As Judge Williams noted, Scherr’s and Maganuco’s statistics “show only that pregnant teachers would rather take the longer maternity leave than the shorter paid sick leave when they become disabled due to pregnancy.” Scherr v. Woodland Community Consolidated School Dist. No. 50, No. 84 C 10185, slip op. at 10. The school districts’ leave policies do not “force” the teachers to give up sick days; instead, the teachers presumably choose to forego paid sick days because they want to spend more time at home after their pregnancy rather than immediately return to work when their pregnancy-related disabilities end.*
*986What Scherr and Maganuco want is a maternity leave plan that provides the best of both the disability leave plan (paid sick days for childbirth and its related disabilities) and the present maternity leave plan (extended time at home for child care), even if a comparable plan is not available to other teachers who need sick leave.
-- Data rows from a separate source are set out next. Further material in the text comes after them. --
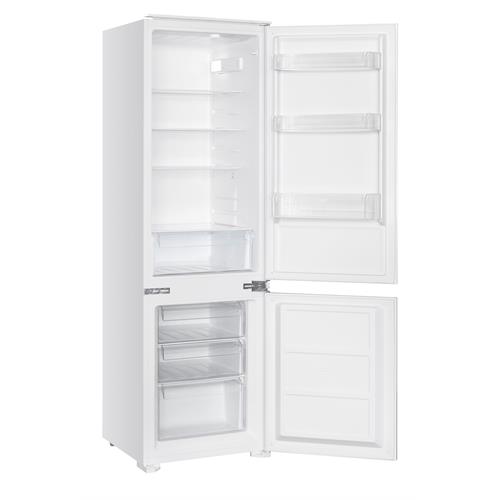 COMBINADO MEIRELES - MFCI250
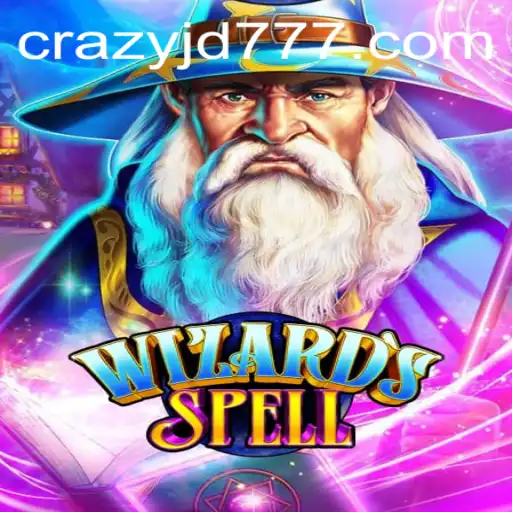 Unveiling WizardsSpell: An Enchanting Adventure with Crazy Jd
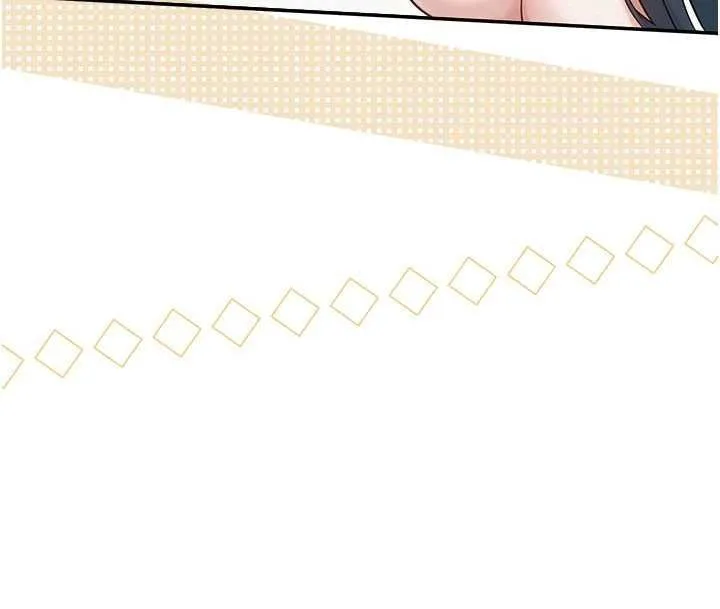 校园成人礼 第35話-火辣身材被看光了&hearts; 第146页
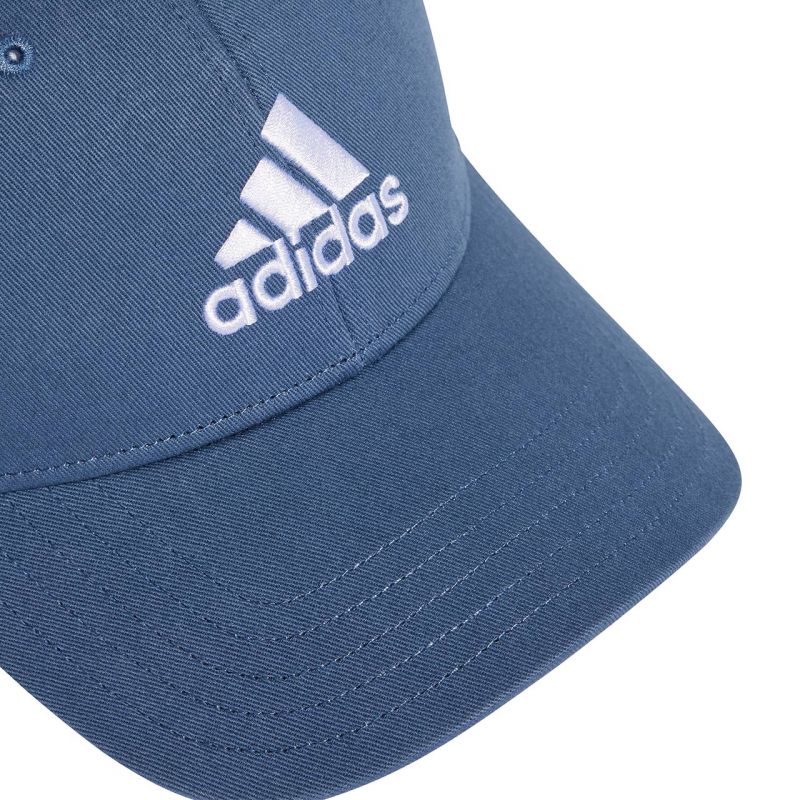 Adidas Cotton Twill Baseball cap IR7872 Baseball sapka - Sportmania.hu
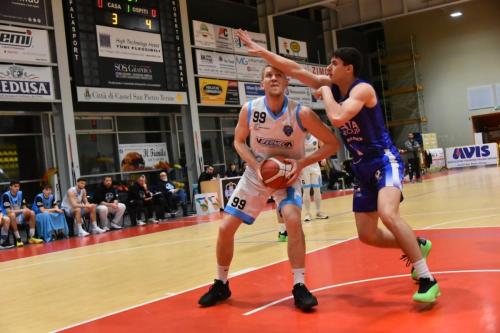 olimpia-pescara-17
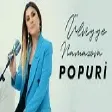 Ulviyye Namazova - Popuri (YUKLE)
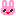 kirarin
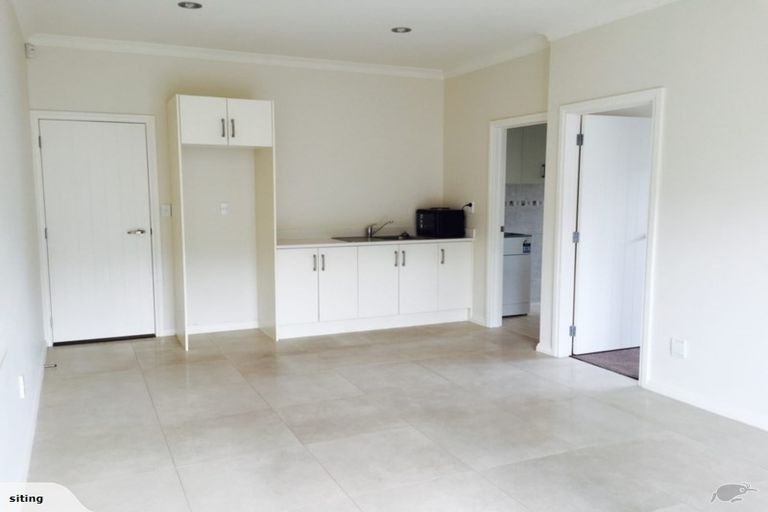 Photo of property in 171 Jeffs Road, Flat Bush, Auckland, 2016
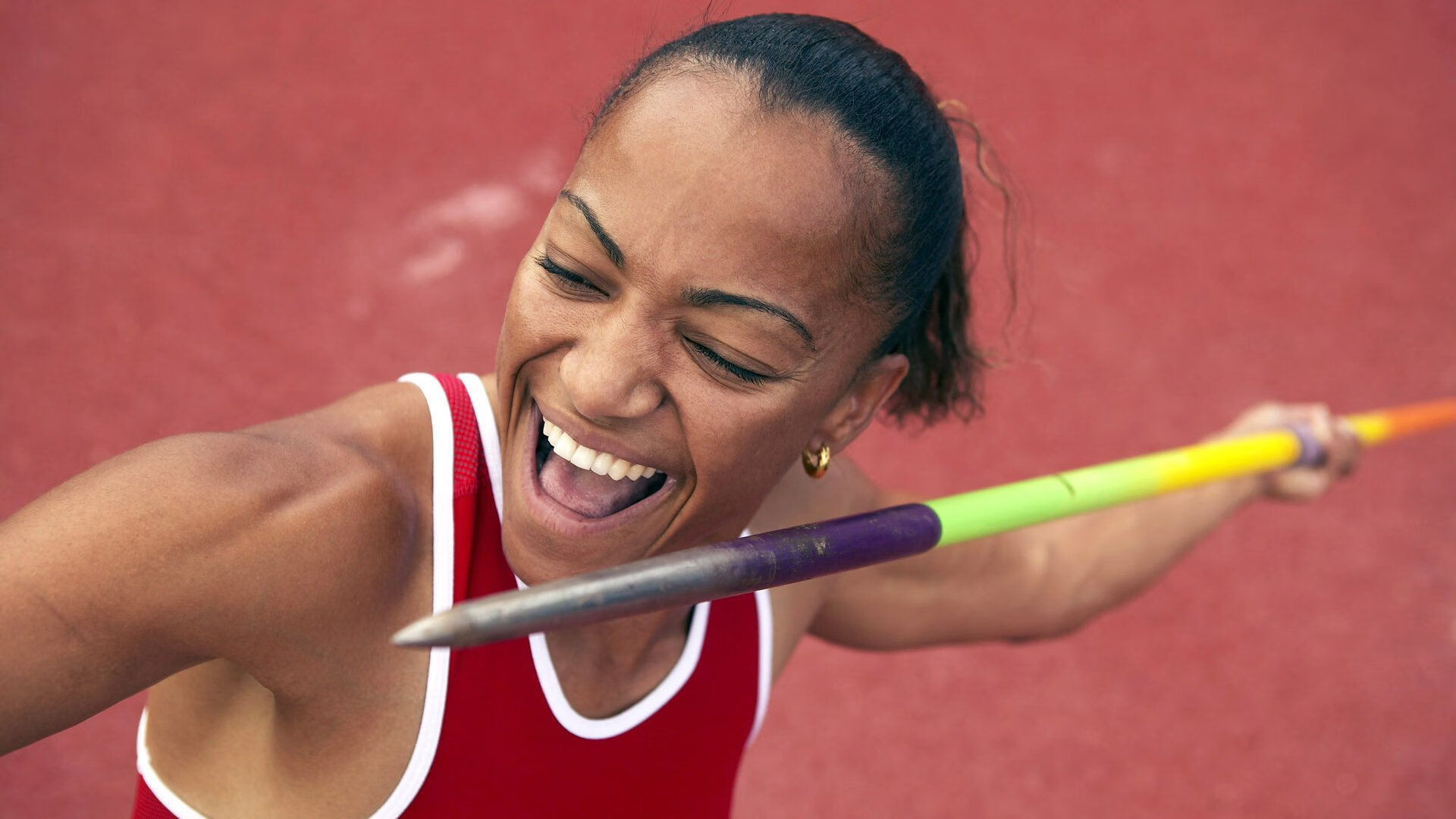 《CS_GO》银河杯战意如虹,豪门鏖战酣畅淋漓!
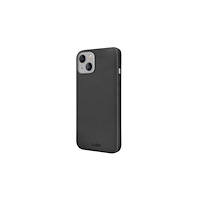 SBS SBS TEINSTIP1467K, Omslag, Apple, iPhone 14 Plus, 17 cm (6.7...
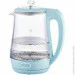  Maestro MR-052-Blue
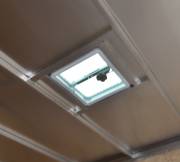 7'x14' Enclosed Cargo Trailer Photo Thumbnail 5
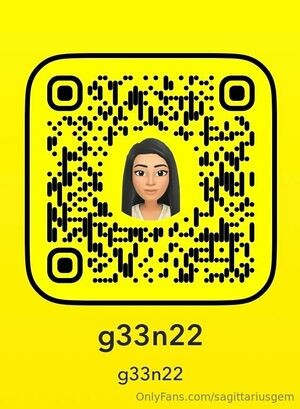 sagittariusgem / sagittariusweet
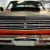 1969 Plymouth Road Runner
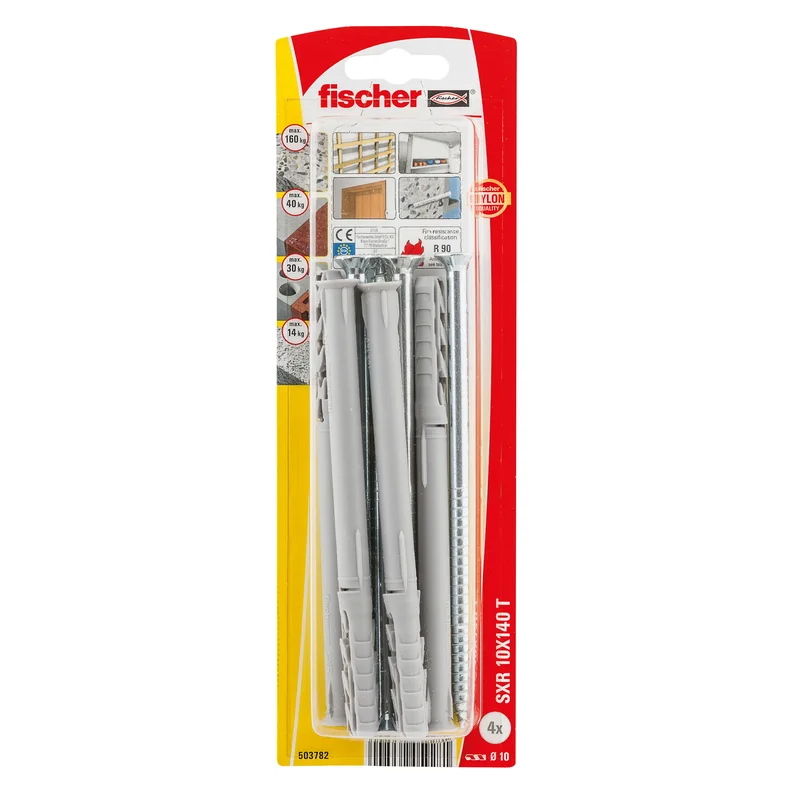 diy-1202601230135521136321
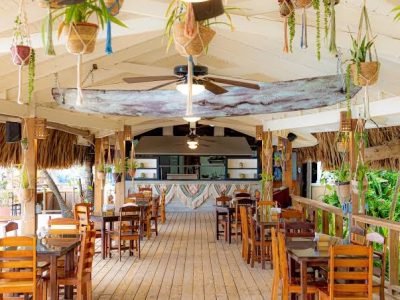 Paradise Beach Hotel1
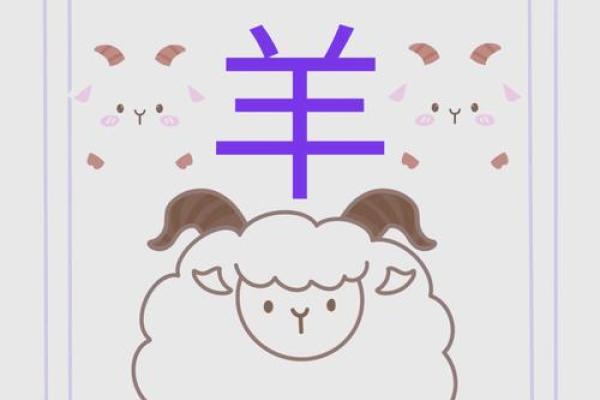 1991年属羊人2025年财运怎么样 1991年属羊人2025年财运解析运势如何 1991年属羊人2025年财运怎么样 1991年属羊人2025年财运解析运势如何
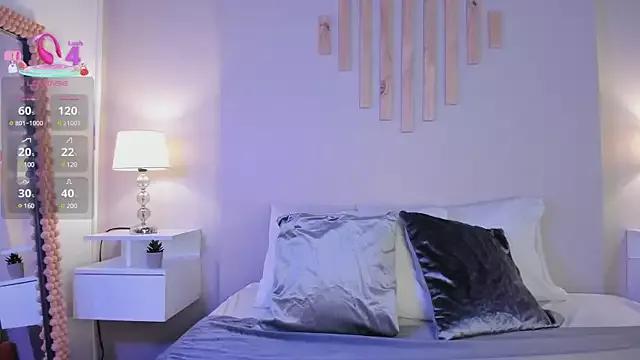 Explore our live girls sluts from our Custom and Multi clubs and checkout exclusive access to highly interactive content, such as shape, hair, titties, pussy type and many more.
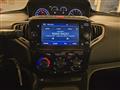 LANCIA YPSILON 1.0 Hybrid 69 CV Gold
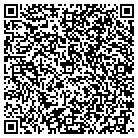QR code with Control Solutions Group contacts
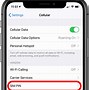 Image result for How to Unlock iPhone for Free
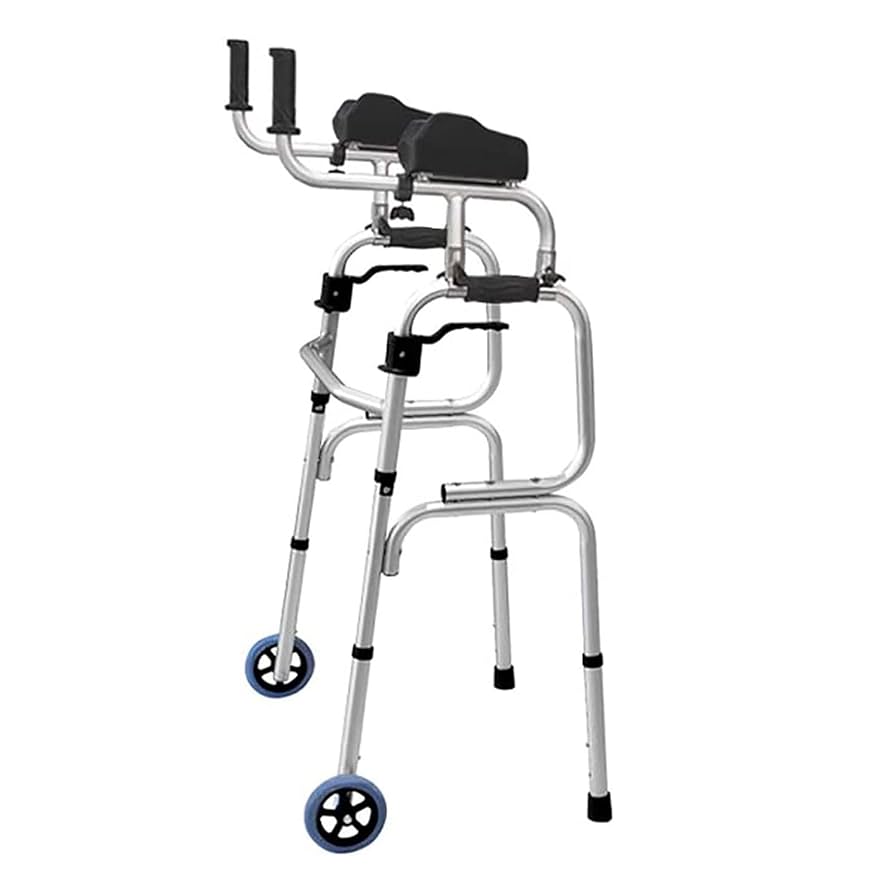 【WALLACE】 サルヴァ / ギャラリートレー 34cm WALLACE】 サルヴァ / ギャラリートレー 34cm WALLACE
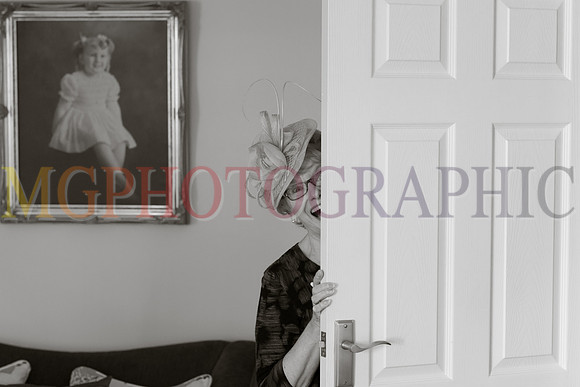 52__HANNAH_WILL_W19092015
In essence, they contend that Title VII mandates time off for child care, over and above a sufficient period of time to recover from pregnancy-related disability and return to work. While this may be desirable policy, it is a policy that Scherr and Maga-nuco must pursue in Congress, in the state legislature, or through the collective bargaining process, not in the federal courts.
It was not improper, as the majority implies, Majority Opinion at 983, for Judge Williams to apply the reasoning from her decision in Scherr’s case to enter summary judgment against Maganueo on her disparate impact claim. Since Scherr and Maganueo presented almost identical evidence to support their disparate impact claims, and since they made identical arguments, it would have been "anoma*986lous” for Judge Williams to treat the two claims differently.